**Instructions for the task**
Copies of all lines that contain "Shirts" are needed; take them from the data below.

Caption-style text data
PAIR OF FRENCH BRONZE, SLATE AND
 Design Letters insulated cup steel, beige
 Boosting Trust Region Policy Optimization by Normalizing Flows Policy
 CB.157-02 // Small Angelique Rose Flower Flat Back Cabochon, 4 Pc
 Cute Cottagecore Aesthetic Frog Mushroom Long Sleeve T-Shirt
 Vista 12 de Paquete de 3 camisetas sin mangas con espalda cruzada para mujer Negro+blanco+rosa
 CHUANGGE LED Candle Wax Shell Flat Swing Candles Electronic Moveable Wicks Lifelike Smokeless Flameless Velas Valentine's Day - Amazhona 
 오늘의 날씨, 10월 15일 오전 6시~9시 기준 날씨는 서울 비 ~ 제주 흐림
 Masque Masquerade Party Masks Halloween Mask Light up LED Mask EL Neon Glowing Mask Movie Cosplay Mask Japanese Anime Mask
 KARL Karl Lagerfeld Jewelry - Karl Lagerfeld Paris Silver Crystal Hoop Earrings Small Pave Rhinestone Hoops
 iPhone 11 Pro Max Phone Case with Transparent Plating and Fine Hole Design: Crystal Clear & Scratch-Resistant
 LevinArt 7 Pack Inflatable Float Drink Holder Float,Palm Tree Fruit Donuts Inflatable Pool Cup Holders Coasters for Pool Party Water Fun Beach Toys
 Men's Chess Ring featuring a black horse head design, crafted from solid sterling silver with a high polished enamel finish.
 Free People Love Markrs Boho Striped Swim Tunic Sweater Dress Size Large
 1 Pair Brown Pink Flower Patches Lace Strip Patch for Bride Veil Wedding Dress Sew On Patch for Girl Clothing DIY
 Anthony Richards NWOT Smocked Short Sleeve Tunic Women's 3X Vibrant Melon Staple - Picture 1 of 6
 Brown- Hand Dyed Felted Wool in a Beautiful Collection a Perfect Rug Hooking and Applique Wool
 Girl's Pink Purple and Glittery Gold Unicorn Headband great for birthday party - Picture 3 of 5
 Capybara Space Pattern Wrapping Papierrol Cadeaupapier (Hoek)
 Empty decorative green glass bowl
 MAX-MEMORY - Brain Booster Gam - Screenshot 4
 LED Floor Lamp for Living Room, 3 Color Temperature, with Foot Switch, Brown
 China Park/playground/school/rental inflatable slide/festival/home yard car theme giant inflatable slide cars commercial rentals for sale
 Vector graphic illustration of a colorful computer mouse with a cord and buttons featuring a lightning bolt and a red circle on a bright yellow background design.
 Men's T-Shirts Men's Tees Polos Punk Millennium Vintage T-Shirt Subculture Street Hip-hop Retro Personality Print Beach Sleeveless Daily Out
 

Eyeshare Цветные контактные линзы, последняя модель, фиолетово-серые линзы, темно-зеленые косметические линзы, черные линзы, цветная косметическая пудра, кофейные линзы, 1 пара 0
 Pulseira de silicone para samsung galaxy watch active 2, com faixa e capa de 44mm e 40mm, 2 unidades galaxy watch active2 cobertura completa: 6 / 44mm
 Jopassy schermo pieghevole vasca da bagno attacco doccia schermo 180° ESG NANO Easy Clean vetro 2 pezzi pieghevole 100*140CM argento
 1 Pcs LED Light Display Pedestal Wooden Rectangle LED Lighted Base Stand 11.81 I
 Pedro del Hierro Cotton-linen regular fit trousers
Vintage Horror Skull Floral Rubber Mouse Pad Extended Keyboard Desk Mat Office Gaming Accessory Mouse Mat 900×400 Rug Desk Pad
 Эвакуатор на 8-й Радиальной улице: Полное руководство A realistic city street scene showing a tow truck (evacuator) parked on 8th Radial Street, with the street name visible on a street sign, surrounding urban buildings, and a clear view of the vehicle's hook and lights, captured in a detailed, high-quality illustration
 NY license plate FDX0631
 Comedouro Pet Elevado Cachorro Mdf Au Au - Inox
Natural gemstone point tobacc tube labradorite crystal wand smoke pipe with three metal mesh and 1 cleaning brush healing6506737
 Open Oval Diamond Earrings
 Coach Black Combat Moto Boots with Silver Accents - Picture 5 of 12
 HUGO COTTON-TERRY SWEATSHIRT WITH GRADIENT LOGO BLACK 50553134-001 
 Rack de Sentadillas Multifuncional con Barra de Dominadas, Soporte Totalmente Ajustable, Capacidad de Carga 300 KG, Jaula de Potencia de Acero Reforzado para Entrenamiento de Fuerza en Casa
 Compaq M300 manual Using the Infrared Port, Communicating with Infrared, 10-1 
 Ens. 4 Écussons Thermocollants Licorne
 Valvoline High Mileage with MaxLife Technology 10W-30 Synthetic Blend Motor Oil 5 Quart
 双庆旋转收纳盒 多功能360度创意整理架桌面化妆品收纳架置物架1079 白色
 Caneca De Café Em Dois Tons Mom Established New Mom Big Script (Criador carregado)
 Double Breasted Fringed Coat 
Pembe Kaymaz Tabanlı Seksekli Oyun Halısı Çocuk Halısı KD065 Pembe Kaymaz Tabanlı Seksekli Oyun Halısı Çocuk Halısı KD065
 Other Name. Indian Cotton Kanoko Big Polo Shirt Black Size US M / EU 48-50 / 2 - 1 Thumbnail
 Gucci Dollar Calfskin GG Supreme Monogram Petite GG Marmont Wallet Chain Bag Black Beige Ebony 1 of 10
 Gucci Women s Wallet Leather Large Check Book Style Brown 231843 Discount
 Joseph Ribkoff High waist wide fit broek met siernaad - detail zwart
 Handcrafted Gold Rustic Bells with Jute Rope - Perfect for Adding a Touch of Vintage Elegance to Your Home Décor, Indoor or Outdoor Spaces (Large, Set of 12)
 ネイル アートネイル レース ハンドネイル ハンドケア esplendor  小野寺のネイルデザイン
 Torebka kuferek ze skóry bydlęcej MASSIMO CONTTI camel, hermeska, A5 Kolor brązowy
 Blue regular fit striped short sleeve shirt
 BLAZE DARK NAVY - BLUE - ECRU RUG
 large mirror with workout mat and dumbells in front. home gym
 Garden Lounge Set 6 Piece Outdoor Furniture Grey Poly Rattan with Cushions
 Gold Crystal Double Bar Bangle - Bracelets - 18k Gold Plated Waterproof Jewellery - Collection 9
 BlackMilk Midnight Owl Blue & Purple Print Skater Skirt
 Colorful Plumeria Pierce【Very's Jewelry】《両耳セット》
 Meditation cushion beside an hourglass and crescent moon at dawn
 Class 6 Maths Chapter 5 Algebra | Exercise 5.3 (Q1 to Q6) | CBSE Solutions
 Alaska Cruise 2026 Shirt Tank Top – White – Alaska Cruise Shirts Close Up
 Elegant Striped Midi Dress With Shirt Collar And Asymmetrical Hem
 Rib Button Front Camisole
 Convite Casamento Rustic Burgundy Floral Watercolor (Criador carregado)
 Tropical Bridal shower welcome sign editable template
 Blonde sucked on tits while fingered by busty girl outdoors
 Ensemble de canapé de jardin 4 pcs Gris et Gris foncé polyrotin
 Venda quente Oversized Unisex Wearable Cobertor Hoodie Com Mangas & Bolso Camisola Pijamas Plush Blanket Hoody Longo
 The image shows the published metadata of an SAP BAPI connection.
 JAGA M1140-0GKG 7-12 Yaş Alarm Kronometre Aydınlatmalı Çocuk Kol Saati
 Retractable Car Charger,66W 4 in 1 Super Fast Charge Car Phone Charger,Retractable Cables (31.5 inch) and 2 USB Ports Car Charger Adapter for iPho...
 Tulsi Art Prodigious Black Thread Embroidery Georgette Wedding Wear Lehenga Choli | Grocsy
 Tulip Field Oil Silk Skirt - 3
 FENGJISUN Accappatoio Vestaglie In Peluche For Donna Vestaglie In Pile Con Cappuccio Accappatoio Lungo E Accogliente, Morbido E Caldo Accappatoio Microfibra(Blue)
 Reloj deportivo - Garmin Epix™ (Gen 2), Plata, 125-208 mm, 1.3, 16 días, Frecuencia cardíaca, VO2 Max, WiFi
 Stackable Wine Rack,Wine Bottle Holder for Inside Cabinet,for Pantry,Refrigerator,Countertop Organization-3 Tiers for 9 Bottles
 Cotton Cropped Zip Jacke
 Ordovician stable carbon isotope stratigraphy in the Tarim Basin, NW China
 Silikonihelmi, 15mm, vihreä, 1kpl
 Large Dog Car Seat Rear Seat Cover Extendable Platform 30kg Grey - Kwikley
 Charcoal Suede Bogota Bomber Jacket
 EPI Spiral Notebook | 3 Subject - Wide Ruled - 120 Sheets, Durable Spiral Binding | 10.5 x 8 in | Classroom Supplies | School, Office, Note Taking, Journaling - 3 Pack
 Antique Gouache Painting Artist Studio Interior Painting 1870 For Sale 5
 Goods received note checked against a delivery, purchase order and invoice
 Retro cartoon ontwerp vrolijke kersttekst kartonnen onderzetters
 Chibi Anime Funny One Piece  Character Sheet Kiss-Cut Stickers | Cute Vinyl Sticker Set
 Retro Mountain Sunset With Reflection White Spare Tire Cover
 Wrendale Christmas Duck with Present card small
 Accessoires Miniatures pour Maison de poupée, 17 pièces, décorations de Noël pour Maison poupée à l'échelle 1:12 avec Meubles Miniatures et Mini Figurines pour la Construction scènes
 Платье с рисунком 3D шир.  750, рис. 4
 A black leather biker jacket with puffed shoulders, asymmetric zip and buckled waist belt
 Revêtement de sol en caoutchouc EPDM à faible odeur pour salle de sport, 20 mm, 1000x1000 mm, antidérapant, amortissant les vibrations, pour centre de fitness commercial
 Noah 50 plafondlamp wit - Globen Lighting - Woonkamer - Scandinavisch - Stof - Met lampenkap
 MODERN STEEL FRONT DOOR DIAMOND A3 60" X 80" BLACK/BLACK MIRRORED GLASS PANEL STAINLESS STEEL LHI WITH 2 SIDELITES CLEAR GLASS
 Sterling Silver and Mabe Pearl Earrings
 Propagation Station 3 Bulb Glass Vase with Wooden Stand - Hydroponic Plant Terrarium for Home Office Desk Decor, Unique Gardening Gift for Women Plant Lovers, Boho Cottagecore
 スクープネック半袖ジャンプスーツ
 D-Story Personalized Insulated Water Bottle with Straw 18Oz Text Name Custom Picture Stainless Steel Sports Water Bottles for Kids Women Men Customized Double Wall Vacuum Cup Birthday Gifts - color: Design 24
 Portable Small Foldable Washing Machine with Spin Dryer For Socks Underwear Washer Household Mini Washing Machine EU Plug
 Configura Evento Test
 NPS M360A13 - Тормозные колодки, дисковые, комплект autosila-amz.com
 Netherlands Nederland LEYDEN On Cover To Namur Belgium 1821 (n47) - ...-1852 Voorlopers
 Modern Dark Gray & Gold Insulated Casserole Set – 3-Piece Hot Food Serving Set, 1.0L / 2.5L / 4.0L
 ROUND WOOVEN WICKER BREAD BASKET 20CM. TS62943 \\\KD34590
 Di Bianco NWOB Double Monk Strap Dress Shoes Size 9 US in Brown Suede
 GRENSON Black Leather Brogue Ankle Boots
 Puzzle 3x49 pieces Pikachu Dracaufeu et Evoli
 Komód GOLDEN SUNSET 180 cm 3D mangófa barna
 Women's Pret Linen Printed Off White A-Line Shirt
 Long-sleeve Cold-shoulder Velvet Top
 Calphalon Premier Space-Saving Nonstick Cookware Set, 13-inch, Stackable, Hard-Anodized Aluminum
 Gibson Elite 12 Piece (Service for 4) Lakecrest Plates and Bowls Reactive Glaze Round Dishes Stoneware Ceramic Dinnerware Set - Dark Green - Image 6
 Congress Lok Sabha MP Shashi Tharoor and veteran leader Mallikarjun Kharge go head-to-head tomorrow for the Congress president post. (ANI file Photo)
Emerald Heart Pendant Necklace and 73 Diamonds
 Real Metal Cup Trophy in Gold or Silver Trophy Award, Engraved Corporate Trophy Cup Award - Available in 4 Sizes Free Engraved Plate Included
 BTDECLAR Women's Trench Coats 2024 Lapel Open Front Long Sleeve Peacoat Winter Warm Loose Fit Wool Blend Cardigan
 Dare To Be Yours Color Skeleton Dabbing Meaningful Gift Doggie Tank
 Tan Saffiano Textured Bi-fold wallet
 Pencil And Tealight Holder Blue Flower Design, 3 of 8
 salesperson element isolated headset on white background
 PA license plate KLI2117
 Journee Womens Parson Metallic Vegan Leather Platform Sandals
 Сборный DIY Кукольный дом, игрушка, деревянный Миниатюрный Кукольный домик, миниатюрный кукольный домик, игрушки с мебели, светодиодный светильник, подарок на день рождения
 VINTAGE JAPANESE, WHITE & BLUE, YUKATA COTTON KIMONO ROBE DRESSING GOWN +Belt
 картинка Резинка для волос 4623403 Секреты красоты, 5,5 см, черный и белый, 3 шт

**Response to the task**
 Men's T-Shirts Men's Tees Polos Punk Millennium Vintage T-Shirt Subculture Street Hip-hop Retro Personality Print Beach Sleeveless Daily Out
 Alaska Cruise 2026 Shirt Tank Top – White – Alaska Cruise Shirts Close Up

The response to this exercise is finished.